◆ **Task details**
Your answer must be the exact lines of the listing below that run from the line with "2024 Disc Golf" to the line with "Guess LOGO FLOCK", ends included, and no pictures.

◆ **Given information**

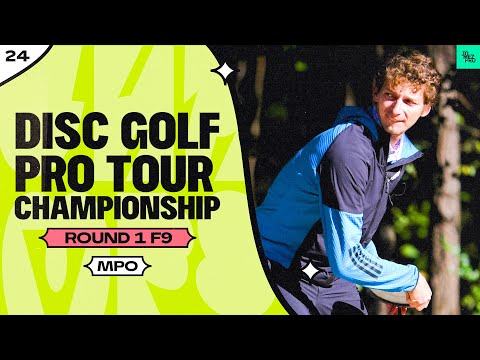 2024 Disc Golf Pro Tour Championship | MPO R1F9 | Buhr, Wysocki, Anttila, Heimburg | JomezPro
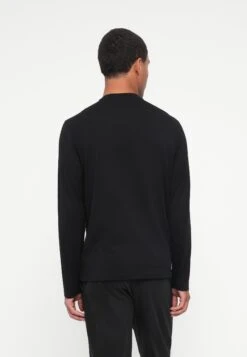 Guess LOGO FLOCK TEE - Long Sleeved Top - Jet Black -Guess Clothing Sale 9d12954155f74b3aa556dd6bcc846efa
...
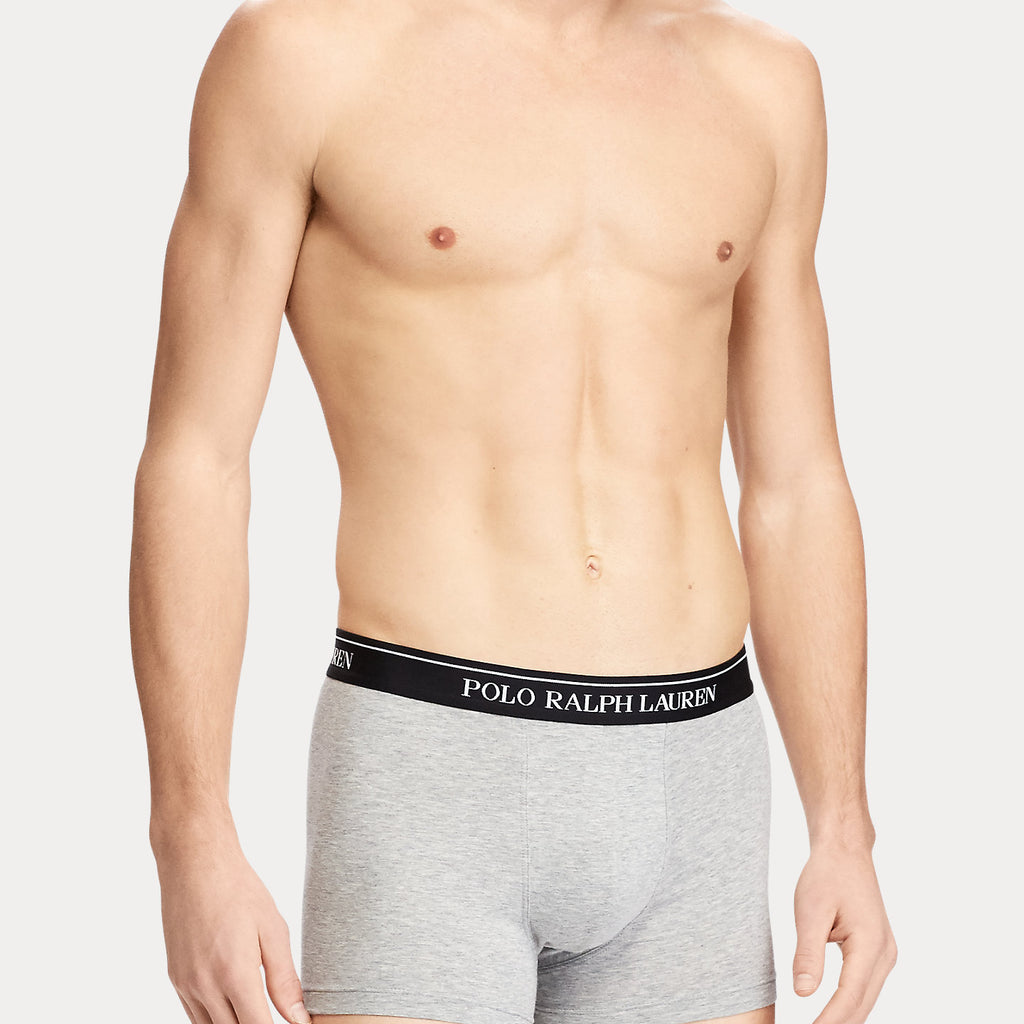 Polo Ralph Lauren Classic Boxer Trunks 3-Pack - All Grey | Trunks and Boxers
---
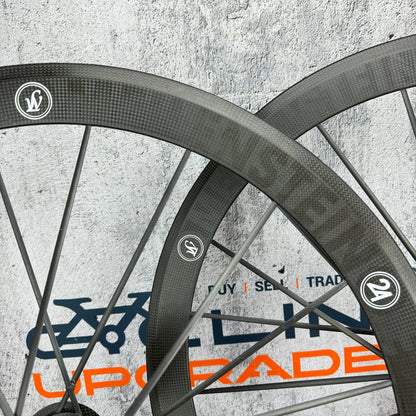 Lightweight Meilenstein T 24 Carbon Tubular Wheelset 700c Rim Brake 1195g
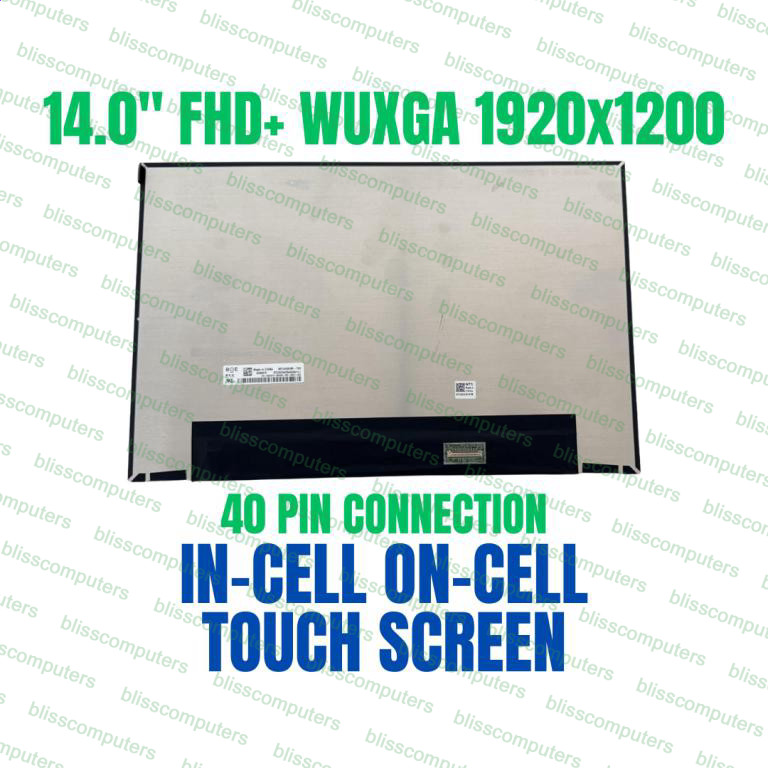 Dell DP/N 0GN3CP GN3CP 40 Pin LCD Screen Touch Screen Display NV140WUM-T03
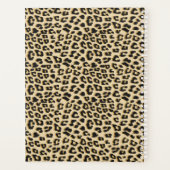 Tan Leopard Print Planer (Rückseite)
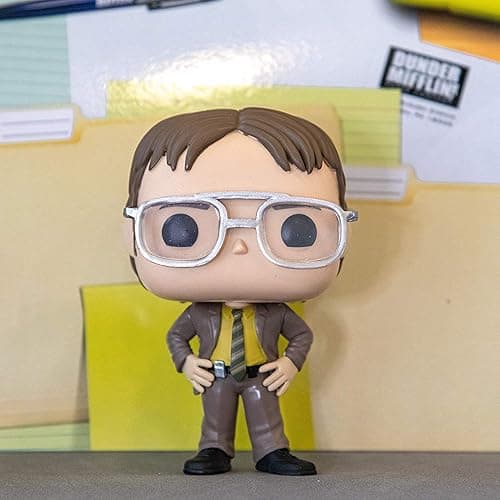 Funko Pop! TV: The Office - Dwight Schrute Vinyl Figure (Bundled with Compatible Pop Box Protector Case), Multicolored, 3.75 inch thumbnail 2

◆ **Answer section**
 2024 Disc Golf Pro Tour Championship | MPO R1F9 | Buhr, Wysocki, Anttila, Heimburg | JomezPro
 Guess LOGO FLOCK TEE - Long Sleeved Top - Jet Black -Guess Clothing Sale 9d12954155f74b3aa556dd6bcc846efa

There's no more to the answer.